While teaching at the CIM he continued to perform. On December 11, 1947, he performed the world premiere of Gardner Read's Three Songs for baritone and piano in Cleveland. In 1948 he gave a recital at the University of Illinois Urbana-Champaign. In 1949 he directed a television adaption of La traviata starring Laurel Hurley as Violetta that was filmed for the American Broadcasting Company. With soprano Frances Greer and conductor George Schick he recorded the opera Il maestro di musica (sung in English as The Music Master), a pastiche opera by multiple composers often misattributed to Giovanni Battista Pergolesi (although it has some music by him), which was released in 1950.

In the late 1940s Bauman managed a music concert series housed at Cleveland's Severance Hall which brought outside artists like jazz musician Louis Armstrong (November 1947) as well as local talent such as violinist Sidney Harth (December 1947) to the stage. A January 1948 concert in this series featured an all-Marc Blitzstein program with the composer participating that featured singer Muriel Smith and Bauman performing. The series concluded with a concert featuring Pete Seeger in March 1948 which had clear leftist political overtone which drew some criticism in the local press.

In the early 1950s Bauman conducted the Jewish Folk Chorus in Cleveland. He directed a professional production of Joseph Haydn's opera Lo speziale (sung in English as The Apothecary) in Cleveland in 1950 with a cast that later recorded the opera for Allegre Records.

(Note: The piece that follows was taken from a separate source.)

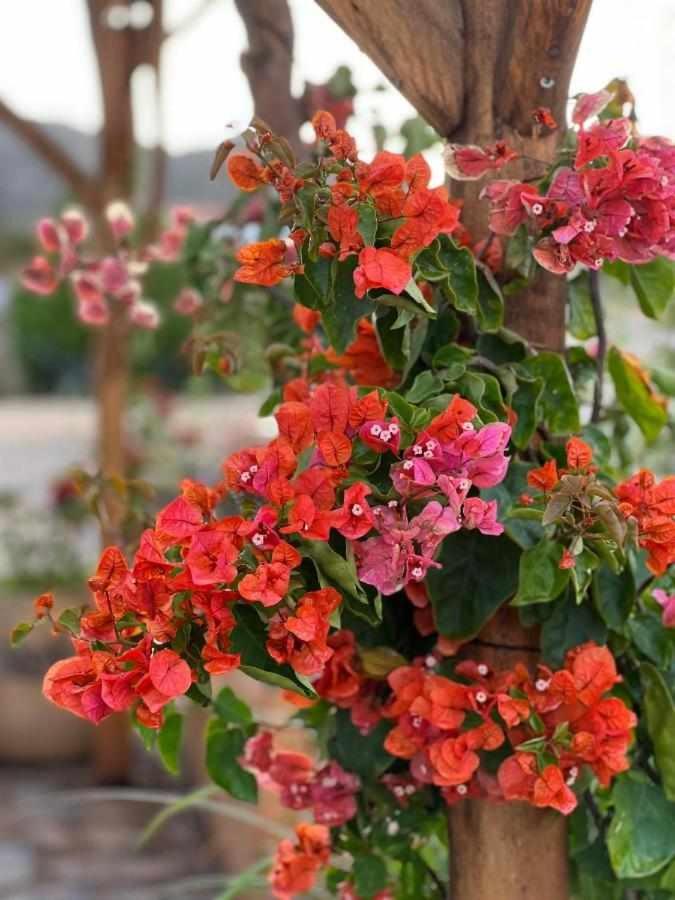 Casa Presente Guesthouse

He recorded the title role in Mozart's The Impressario (1950) for Mercury Records.

===Indian Hill and later career===
In January 1952 Mrs. Basil Greenblatt purchased the Oronoque estate in Stockbridge, Massachusetts, with the intent of establishing a summer music camp on the property known as Indian Hill with Bauman as its appointed director. Bauman left the CIM and relocated to Yonkers, New York, around this time. The first Indian Hill Music Workshop (IHWH) was held in the summer of 1952 which included a student production of Purcell's Dido and Aeneas conducted by Seymour Lipkin. Bauman's second wife Irma also played an instrumental role in establishing the IHWH. The IHWH continued to operate as a summer school for the arts for high school students until 1975 when the Bauman's decided they could no longer continue to operate the program. The property was sold to Brooklyn College where Bauman was at that time a member of the music faculty. One of the IHWH's alumni was Arlo Guthrie.

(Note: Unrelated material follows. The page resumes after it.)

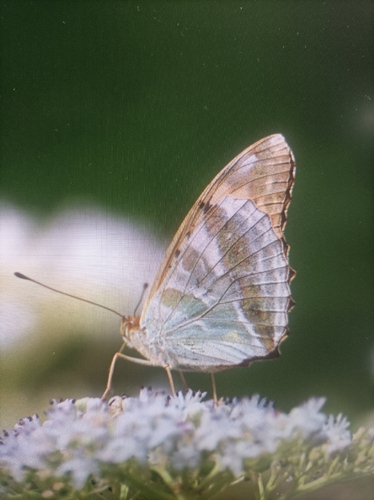 Silver-washed Fritillary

Bauman continued to perform while working as the director of the IHWH. In 1952 he was a soloist with the Westchester Chamber Orchestra Society. In December 1953 he was the narrator for one of the New York Philharmonic's Young People's Concerts. In 1958 he was appointed cantor of Temple Anshe Amunim in Pittsfield, Massachusetts. He was a soloist with the Norwalk Symphony Orchestra in 1959 in a concert celebrating the 85th birthday of Charles Ives. In the 1960s he was the educational director for Essex County, New Jersey Jewish Community Centers for nine years, and taught the course "American Contemporary Culture" at Cornell University. In 1969 he was appointed managing director of Newark Symphony Hall, a position he remained in through 1972. In the 1970s he was an adjunct faculty member at Hampshire College.

During the Bach Tercentenary in 1985, he led a tour to the Bach Festival in Leipzig. A few years later, he completed a documentary, The Stations of Bach, in East Germany. The documentary was funded by the National Endowments for the Arts and Humanities and broadcast nationally on PBS in 1990. CUNY TV now owns the documentary and broadcasts it annually on Bach's birthday, March 21.

==Death==
In 2006, Mordecai and Irma published their memoir, titled From our Angle of Repose. He died on May 16, 2007, in Manhattan at the age of 95. He had two sons, Joshua and Marc, with his second wife Irma. His stepson is the jazz musician Chuck Israels (Irma's son from her first marriage).